If the polishing step feels impossible
Sometimes you write a note, try to turn it into a bullet, and nothing sounds right. You rewrite it four times and each version feels worse than the last. You start wondering if maybe you didn’t actually do anything worth putting on a resume.
That feeling is normal, and it’s almost never accurate. What’s happening is that stress and self-doubt are making the editing process harder than it needs to be. You’re rejecting every version before you’ve even finished writing it.
Two things help:
First, separate writing from editing. Get all your rough notes down without trying to polish them. Close the document. Come back the next day and edit with fresh eyes. The gap between drafts is where the best editing happens because your brain has stopped overthinking.
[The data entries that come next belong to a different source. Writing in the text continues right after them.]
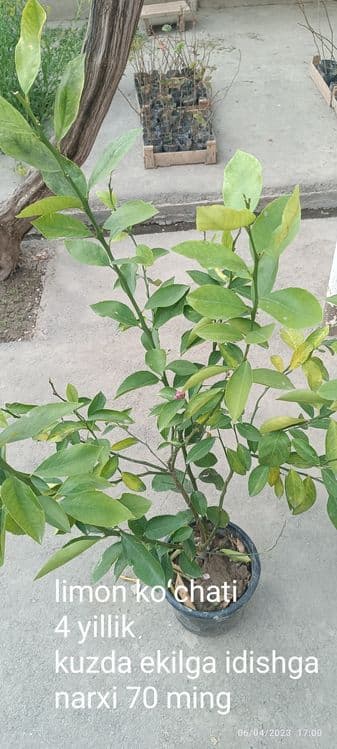 Gullagan limon koʻchatlari — 1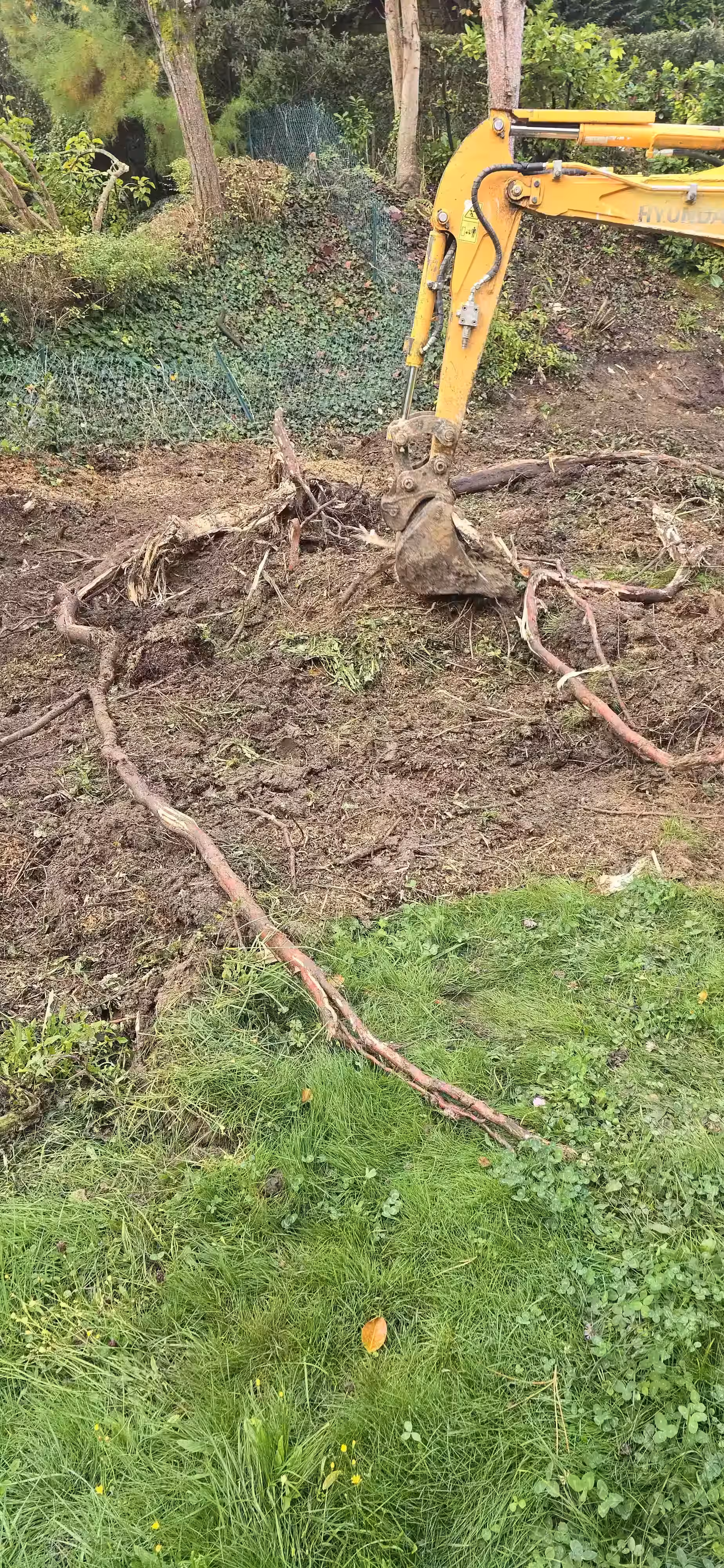 Dessouchage réalisation 4_3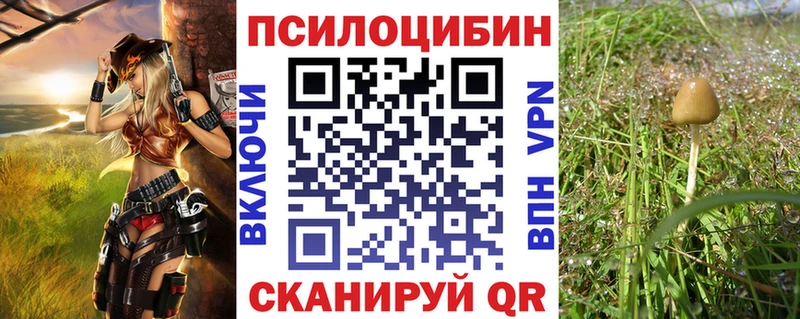 Галлюциногенные грибы Magic Shrooms  гидра зеркало  Мураши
Second, lower your standard for the first pass. Your rough bullet doesn’t need to be good. It needs to exist. “I did some stuff with backend systems” is a valid first draft. You’ll turn it into “Worked on backend services supporting production systems at scale” on the second pass. But you can’t get to the second version without writing the first one.
A quick process you can use right now
- Open a blank note. Write down everything you did at your most recent role in plain language. Don’t edit. Don’t polish. Just dump.
- For each note, add one piece of context: who used it, how big it was, or what happened as a result.
- Clean up the language. Replace shorthand with full phrases. Replace vague descriptions with specific ones.
- Read each bullet out loud. Does it sound like something you’d say in a conversation? If it sounds like a robot wrote it, simplify.
- Check that no two bullets start the same way. Vary the structure.
That’s it. Five steps. You can do the whole thing for one role in about 20 minutes.